Audited Digital Financial Statements: They Improve The Process Too
This is the third in a series of guest posts from Mohini Singh, ACA, Director, Financial Reporting Standards, CFA Institute.
The SEC has required filers to submit their financial statements in both the paper-based and digital formats since 2009. However, there is no requirement to audit or provide any level of assurance on the digital format.
This is not in the interest of investors. First, more than any other reader, investors are consuming the digital information for making investment decisions. If they are fiduciaries, their decisions impact many others. Second, the SEC is considering and ESMA will require filers to submit their digital information in an Inline XBRL format. This format embeds the machine-readable XBRL tags into the human-readable financial statements and investors would expect both layers to be audited.

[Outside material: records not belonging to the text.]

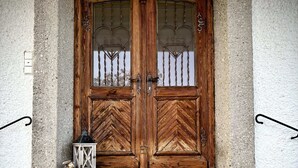 A wooden double door with glass panels and a lantern on the steps.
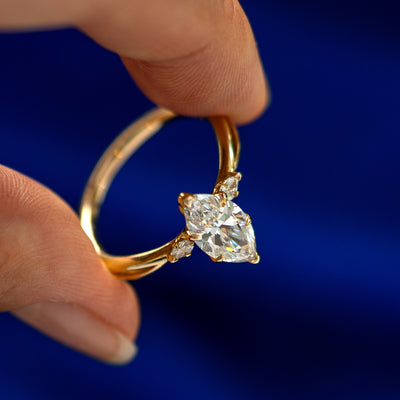 An angled view of a Marquise Lab Diamond Three Stone Ring on a model's finger to show the accent stones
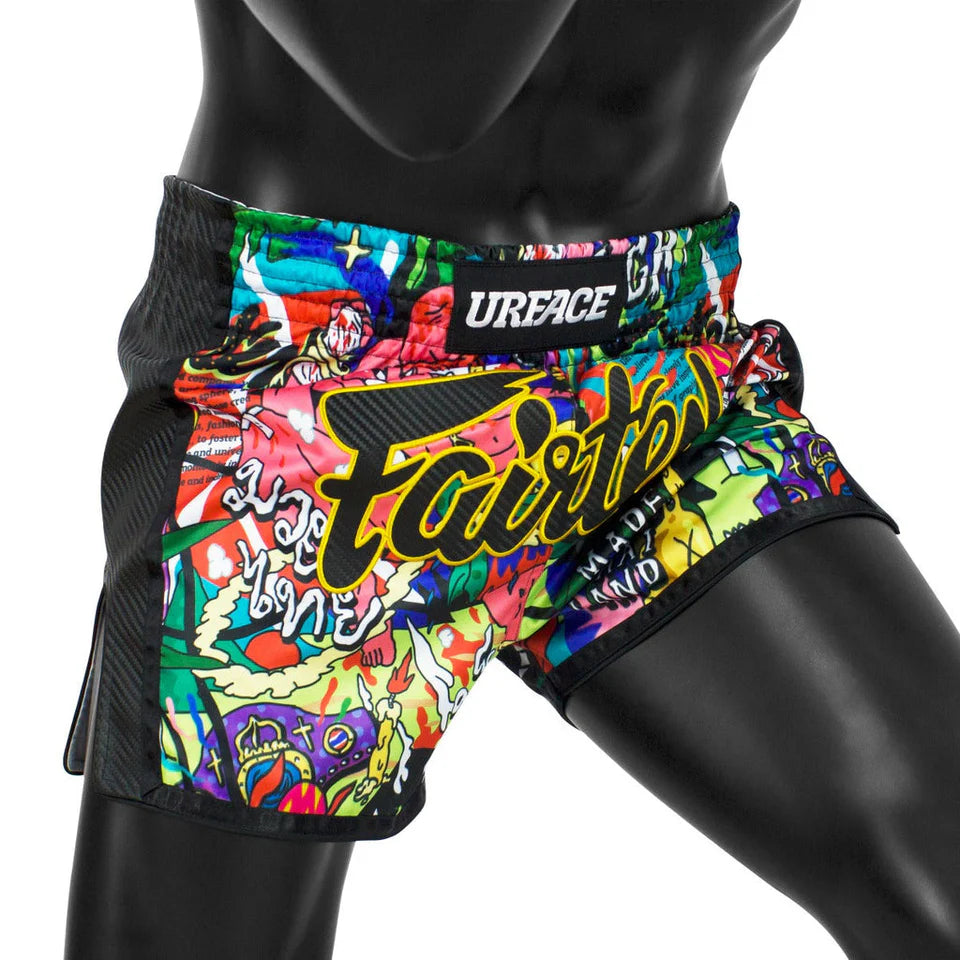 Colorful Muay Thai shorts with a brand logo on a black background
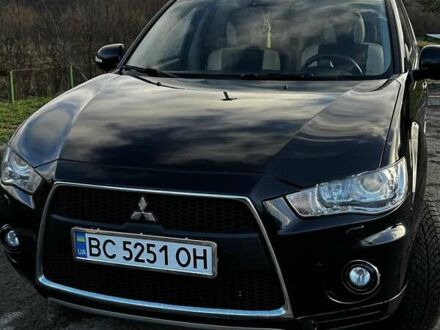 Черный Мицубиси Аутлендер ХЛ, объемом двигателя 2.2 л и пробегом 249 тыс. км за 11500 $, фото 1 на Automoto.ua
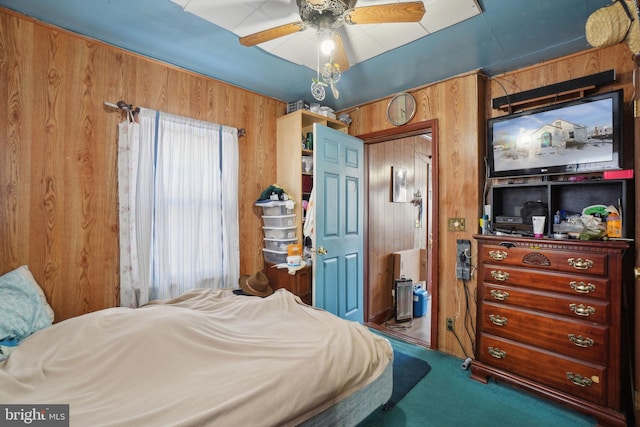 carpeted bedroom featuring ceiling fan and wood walls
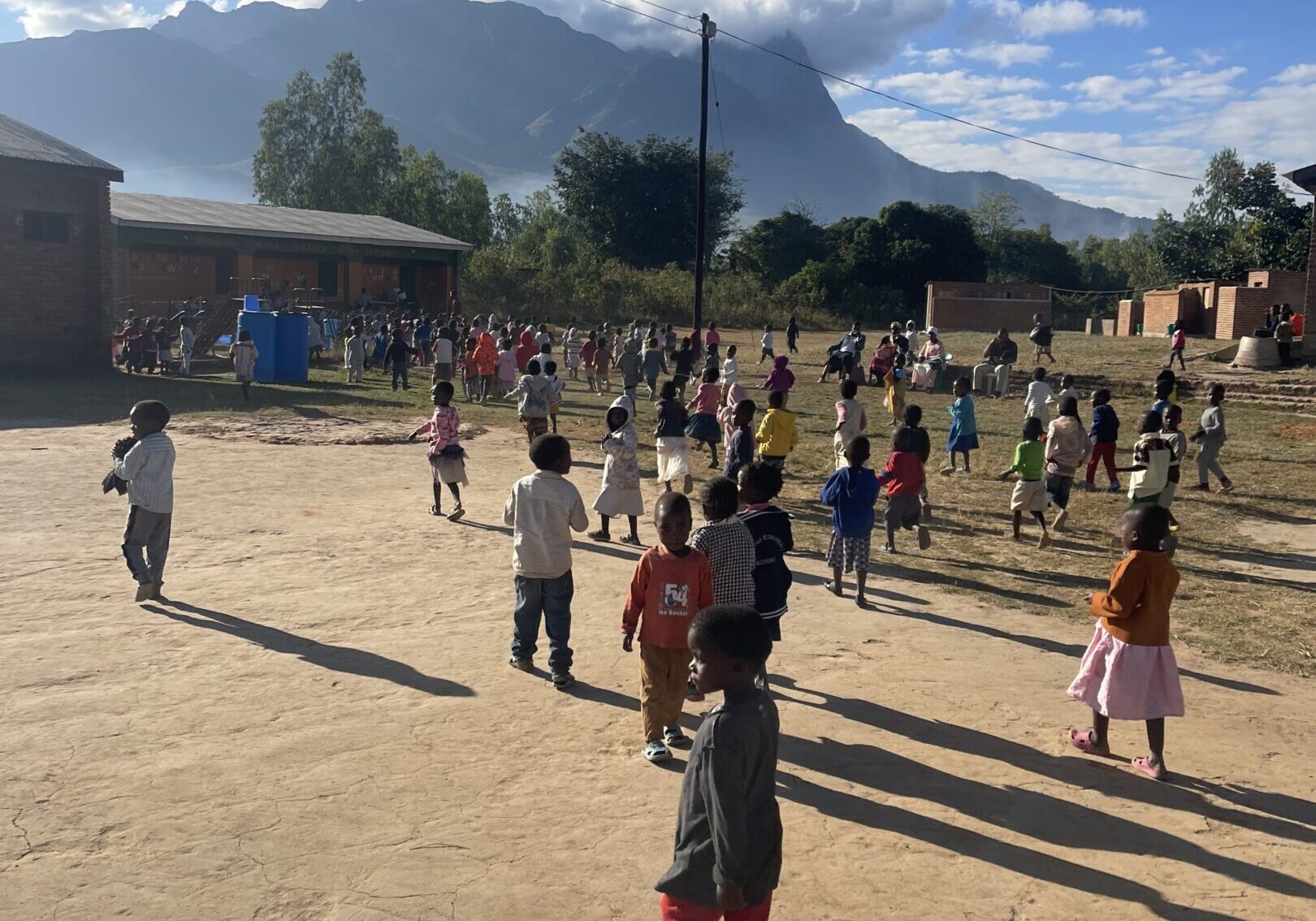 Children playing outdoors on a sunny day in a schoolyard.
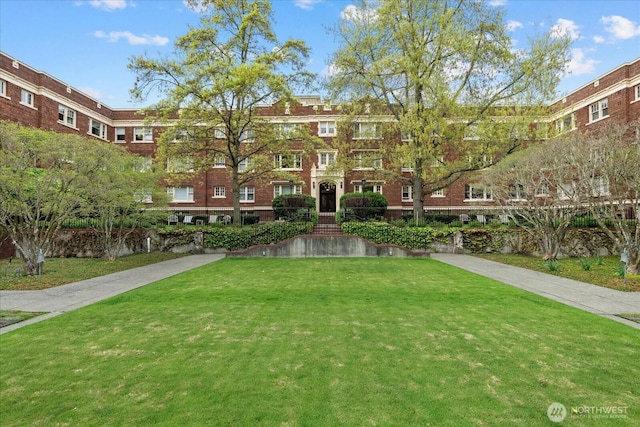 view of home's community featuring a yard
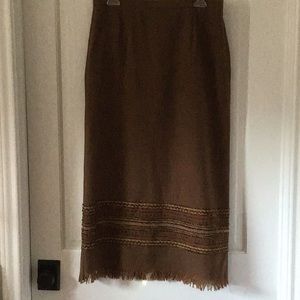 Cocoa brown with orange, gold and brown intricate trim perfect boot skirt.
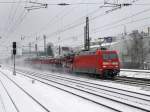Die 101 046 mit einem Autoreisezug am 14.02.2010 bei der Durchfahrt am Heimeranplatz (Mnchen).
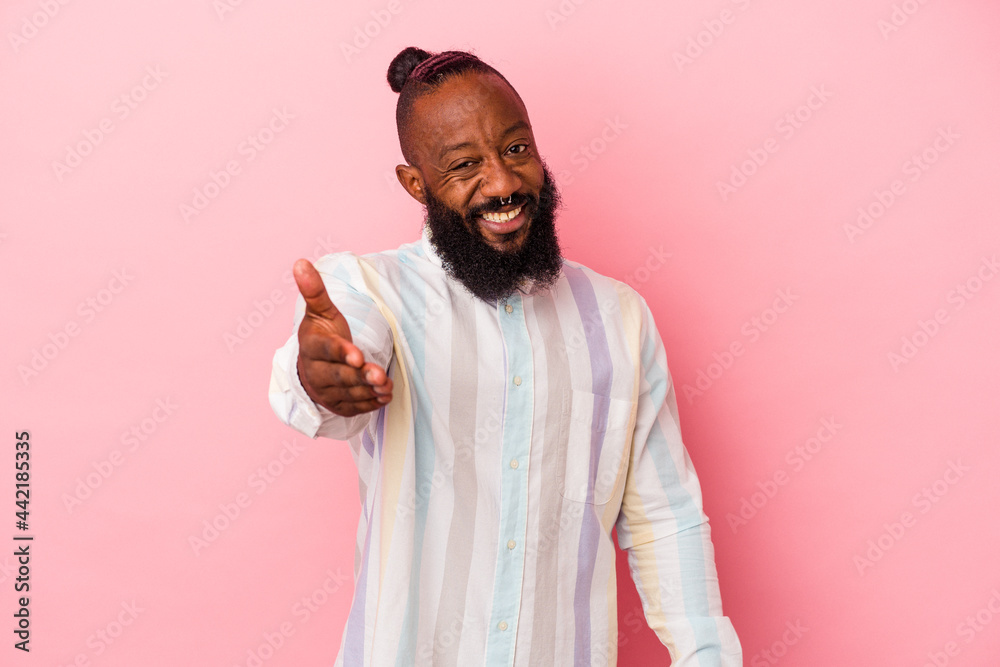 stretching hand at camera in greeting gesture. stretching hand at camera in greeting gesture.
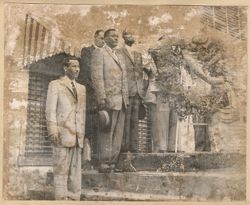 Men in suits stand next to funeral wreath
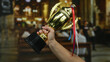 © Krakenimages.com - Man holding a golden trophy with ribbons inside a church, highlighting achievement and the significance of indoor celebrations.
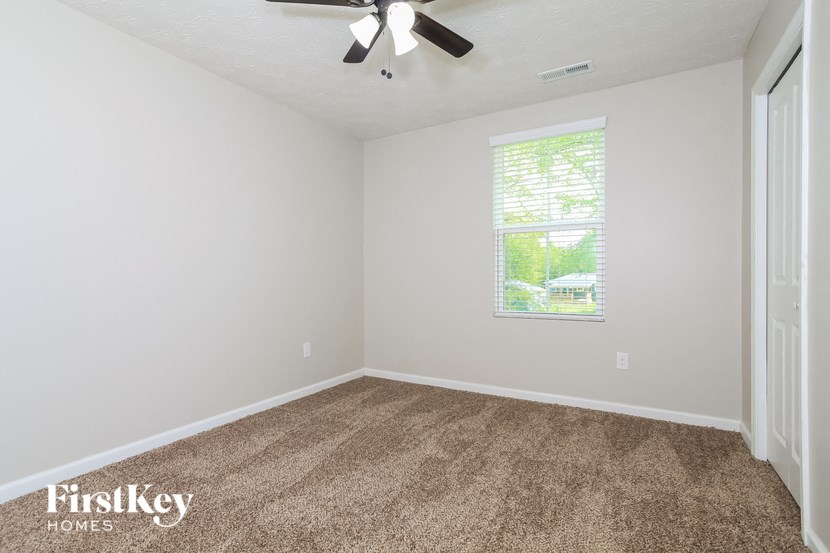 the living room of an empty house with carpet and a ceiling fan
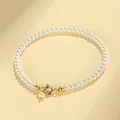 Minimalist white pearl beaded bracelet featuring a classic gold-toned spring ring clasp - 3mm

As Lou Rohman in his article Should XBRL Financials be Audited? points out there are other advantages of having a level of assurance over the digital financial statements.
“One significant consequence of an audit is that it would motivate those companies that are currently submitting poorly-tagged XBRL to start paying attention, and do it the right way. Unfortunately, poor quality XBRL is submitted too often today, whereby the XBRL computer-readable financials don’t provide the same information as the HTML human-readable financials. Some companies are unaware they are doing XBRL improperly. For others, the ‘care-factor’ is just too low; minimal effort is given since they see no tangible negative consequences to submitting low quality XBRL data. But an audit would likely change this. Since companies would need a ‘clean’ auditor’s report on the XBRL tagging, it would be motivated to transform the quality of the XBRL filing.
A less obvious, but longer term equally critical benefit of an audit is to remove the need for consumers of XBRL statements to ‘fix’ the data prior to using it. Can you imagine this occurring in traditional, paper driven audits? Far too much effort is put forth by consumers to correct the tagged data submitted by registrants. Better data would also increase the ability of less-sophisticated consumers to use the as-submitted data and rely on the output of their analysis.”
This shortcoming is validated by investor behaviour. Specifically, in large part, investors continue to get the information they require for their analyses from third party data providers. [Although, increasingly, these data providers obtain their fundamental information from XBRL filings, reviewing the data in house before releasing it — Ed]
An audit requirement would overcome these challenges. Accordingly, per a 2016 survey of CFA Institute members, seventy seven percent of respondents who are aware of XBRL want some level of assurance over the XBRL report — with fifty percent agreeing that the XBRL report should be incorporated into standard financial statement audit. This result is similar to that found in prior surveys.
We urge regulators and audit standard setters to take heed of what investors want.
Mohini Singh, ACA, is director of financial reporting policy at CFA Institute.